The Practice of Dog Training


I started practicing yoga and meditation regularly in 2020. I didn’t start with any particular goal in mind, just the desire to try it out. I’ve found that I really love it and now I do it every day. While I have learned a lot of things through yoga, one of the most impactful is the concept of a practice. Yoga is a practice to return to again and again. This is how one builds strength, flexibility, and mindfulness of the breath. Yoga teachers often encourage students to take their practice with them when they leave the mat. So it has become second nature for me to start seeing other things in life as a practice too. 

There’s a reason people call it a “yoga practice.” While I can’t delineate for you all the ancient yoga philosophy, what I can say is that a core tenant of meditation and yoga is coming back day after day to do again what you did yesterday. This might sound monotonous at first, but as I’ve become more acquainted with this way of thinking, I actually find it both comforting and incredibly practical. I get to come back tomorrow and do it again. How lovely. 

The concept of a practice is counter to the fast-paced nature of the western culture in which we live, where we want quick fixes and immediate results. We want to be productive and we want to reach goals quickly. We don’t want to slow down and take time to realize that the process is the goal. But in fact, we can realize that everything worth doing is best done by making it a practice to come back to and embrace again and again.

The concept of a practice could be applied to anything one does. It certainly applies to exercise forms besides yoga. It could apply to art, writing, working with your hands, doing your job, or doing the dishes. And it certainly applies to dog training. 

If someone were to read at this point that dog training is a practice you have to come back to again and again, that could seem very overwhelming. This is especially true if your dog has a behavior issue. You need results and resolution, absolutely. But how are you going to get there? When people first start working on a behavior modification plan with their dogs, they are often full of energy and a desire to commit. This can quickly go by the wayside if they realize that behavior modification is generally not a quick process. They can start to feel like they will be stuck on a path forever with a dog who is reacting at strangers, fighting with another dog, or chewing up the house.

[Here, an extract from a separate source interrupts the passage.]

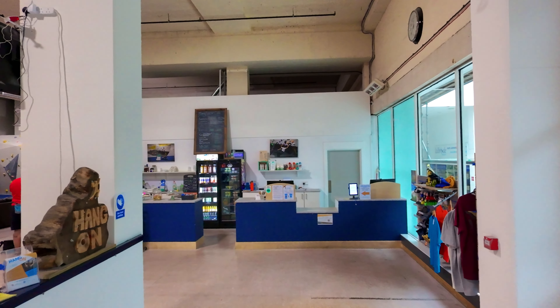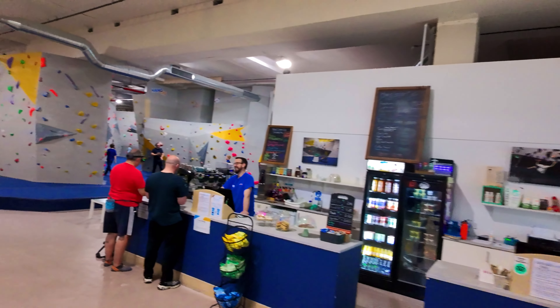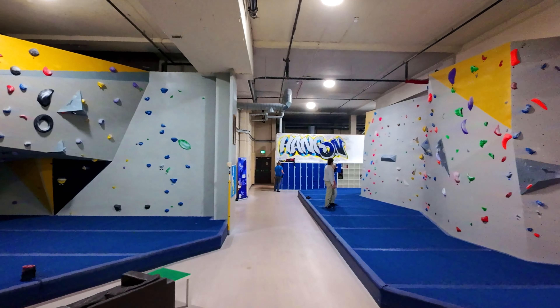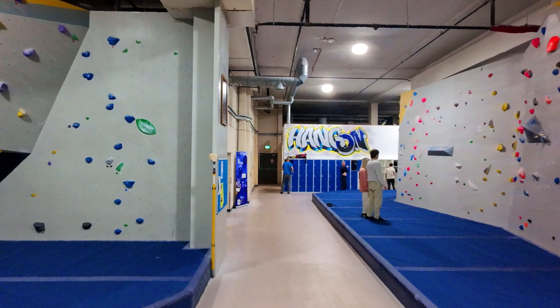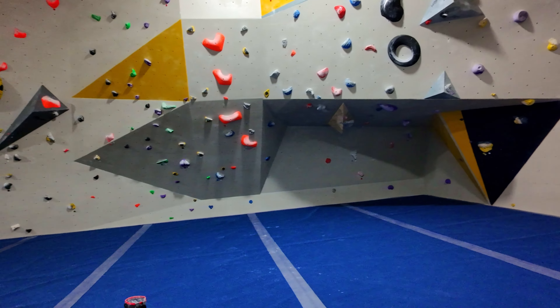I have a notion to do fly-throughs of climbing centres using a drone. Let me give the little DJI Neo a test, flying through the centre while it was quiet.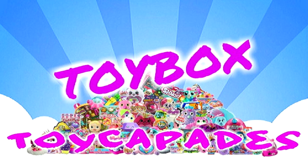Hi, Toy Copaders! Have you become a member of the Toy Cafe Squad yet? Click that red subscribe button to become an official Toy Copader. Don't forget to hit the bell and give it a big thumbs up. Follow us on Instagram for bloopers, sneak peeks, behind the scenes, and more. Thanks for watching!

And this doesn’t sound much like a practice, but more like a nightmare! 

No, I don’t mean to imply at all that we can’t meet training goals and reduce the amount we have to train. But what if we start thinking of the process as just that, a process? One that has to be revisited, honed, perfected, and practiced. 

All dog guardians already have some simple practices in their lives. We each get up every morning and feed our dogs breakfast. This is a simple practice that we don’t skip. Some of us may even enjoy giving our dogs a meal. Others may not think about it much as they complete the task, but it is still a practice. We can think about training and behavior modification the same way. 

Many of you who know me personally or professionally or read my blogs know that I have a dog who barks and lunges at other dogs. She’s done these behaviors since she was a puppy. I very intentionally adopted her knowing we were in for a journey together. I strive to think of our process together as a practice. We return to our practice when we are facing triggers together out in the world. I look at this as a unique opportunity to meet my dog where she is at, returning to the practice of helping her. This has allowed me to have patience with the process, and to give both of us space and time to work together towards small goals, all the while enjoying life together. I have patience with her, and this is how she improves. 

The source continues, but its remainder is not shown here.